Beyond boosting sales, “Good design can do several things,” he adds. “As a startup, it’s an opportunity to be taken seriously.” And using a designer with beer experience has several benefits: “Approvals go a lot faster, you’re not going to have problems with the printer or problems with the labels falling off.”

“We become a little bit of an interpreter,” says Emrich. “It’s beneficial to have someone pushing back on your ideas, rather than just living in a bubble.”

“For Grimm Brothers, [the goal] was uniting a beer geek with a traditional geek. There’s a little bit of a fantasy thing there.” He points to Fearless Youth Munich Dunkel as an example. Like all of Grimm Brothers’ beers, it’s named for a fairy tale. “The original title of that story was ‘The Boy Who Learned How to Shiver,'” say Emrich. “That doesn’t really work as a beer name.”

He helped come up with the name and the design. The design for Robber King Robust Porter modeled after Jacques-Louis David’s painting, Napoleon Crossing the Alps. “We kind of remixed it,” says Emrich.

Kevin Kroneberger of Kroneberger Design in Fort Collins is focused on clients in the outdoor and fly-fishing industries, including the Ross Reels offshoot, Colorado Outdoors, LLC, as well as some craft beverage clients in Greeley’s WeldWerks Brewing and South City Ciderworks in California’s Bay Area. He’s looking for more.

“I’ve been with WeldWerks since the very beginning,” says Kroneberger, who attended the University of Northern Colorado in Greeley. “They wanted a local designer. I think that was a really big deal for them.” His “retro-futuristic” logo is a streamlined not to steampunk motifs, but also a backlash to the more ornate designs the subculture has inspired. “I thought it was a good opportunity for WeldWerks to stand out in a different way,” he says. “I’m always looking for what hasn’t been done before. You see a lot of really similar styles.”

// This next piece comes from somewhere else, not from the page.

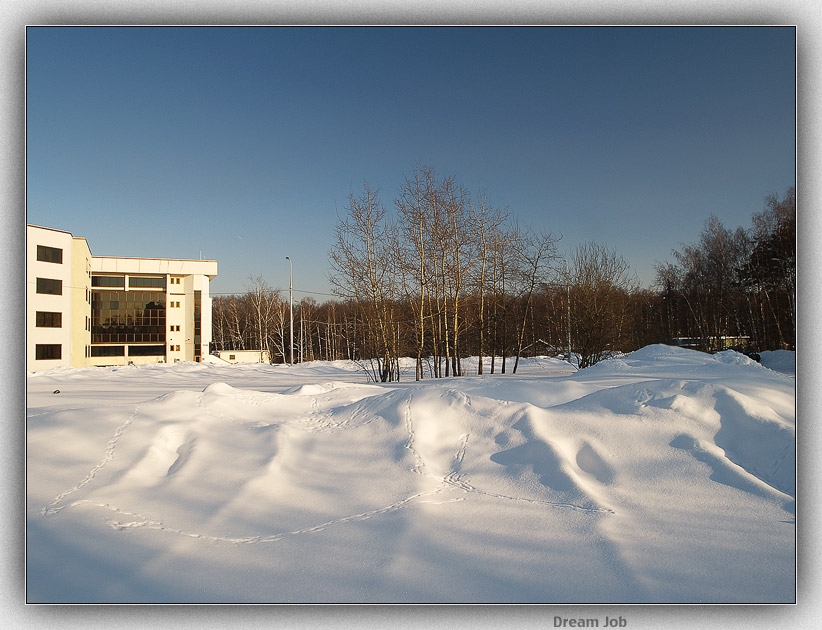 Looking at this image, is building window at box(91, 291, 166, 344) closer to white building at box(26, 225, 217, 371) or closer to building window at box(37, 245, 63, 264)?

While he likes Moxie Sozo’s maximalist Bootstrap designs, Kroneberger says, “I want to go in the other direction. I want to go bold and geometric and large blocks of color. That’s going to stand out at the shelf.” He says the classic Miller Lite branding, relaunched in 2014 after being mothballed for more than a decade, is a guidepost in its simplicity. “It’s beautiful. There’s all this white space.”

Kroneberger has developed several designs for WeldWerks’ Crowlers that he says he’s heard have “gone gangbusters.” He’s not surprised design helps goose sales. “The emotional decision of buying a new beer is often centered around design,” he says. “They buy it because it looks cool.”

WeldWerks’ cans are shrink-wrapped. For designers, having a design make it on a printed can is like getting called up to the majors, says Kroneberger. “You get on the pre-printed cans and you’ve made it.”

But it’s not just art for art’s sake: Good design can have a huge impact on sales. Moxie Sozo’s Steiner says research shows that 80 percent of customers who pick something up from a store’s shelf ultimately buy that product. Several of Moxie Sozo’s brewery customers have had sales grow by leaps and bounds after a packaging redesign. “We’ve seen tremendous returns,” says Steiner. “Packaging can drive sales. We’ve seen a beer’s sales go up 400 to 500 percent.”

Craft breweries are steady sources of work for design shops, and Moxie Sozo’s team of 35 employees loves to work with them. “There are clients who feed your heart and clients who feed your stomach,” says Steiner. “Craft breweries feed your heart.”